In the most recent three-year span, Clark State has served 1,385 non-credit individuals in Greene County, Hodge said, training them in such areas as how to be supervisors, how to use the software program Oracle or how to drive a forklift.
“What makes Sinclair think they’re going to drum up all this business with companies that we’ve already been serving since 2004?” Hodge said.
In a statement, Murka said Sinclair has set out “to better meet the growing unmet needs of businesses directly and indirectly connected to Wright-Patterson.”
“The local economy benefits when workforce needs are being filled in an efficient manner,” Murka added.
But, Clark State’s board chairman insists, Sinclair wants to do it in an area it’s not entitled to serve.
“Greene County is Clark State’s to serve.
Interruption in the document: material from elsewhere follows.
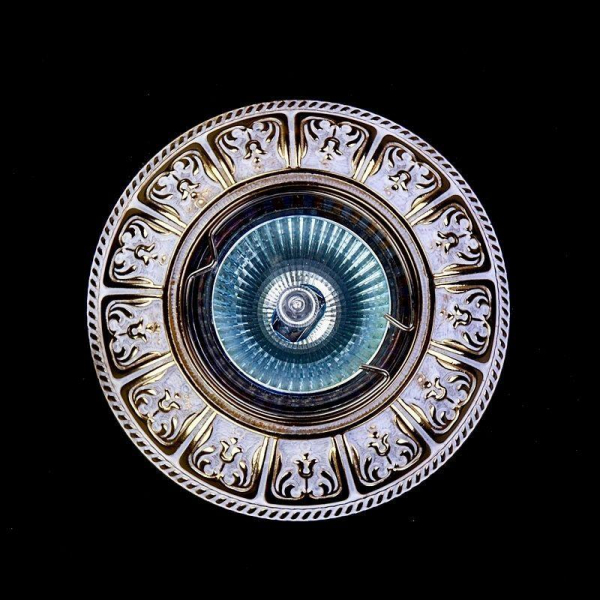Встраиваемый светильник Artglass Spot 50 White Gold Встраиваемый светильник Artglass Spot 50 White Gold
The Ohio Revised Code speaks to that,” said Jim Doyle, chairman of the Clark State board and a 16-year trustee of the school.
Clark State’s legislated service area includes Greene County, where it has 1,365 students, in addition to Clark, Champaign and Logan counties.
Sinclair serves Montgomery and Warren counties, Murka said.
But, Murka said, that doesn’t apply to non-credit training.
“What we’re talking about is serving industry needs,” he said.
Doyle doesn’t buy Sinclair’s interpretation of the service area.
“Those (service areas) have been blazed in stone by the state government,” Doyle said.
Both institutions have said they want to strike a partnership because it’s a waste of taxpayer money to duplicate services, said Clark State President Jo Alice Blondin.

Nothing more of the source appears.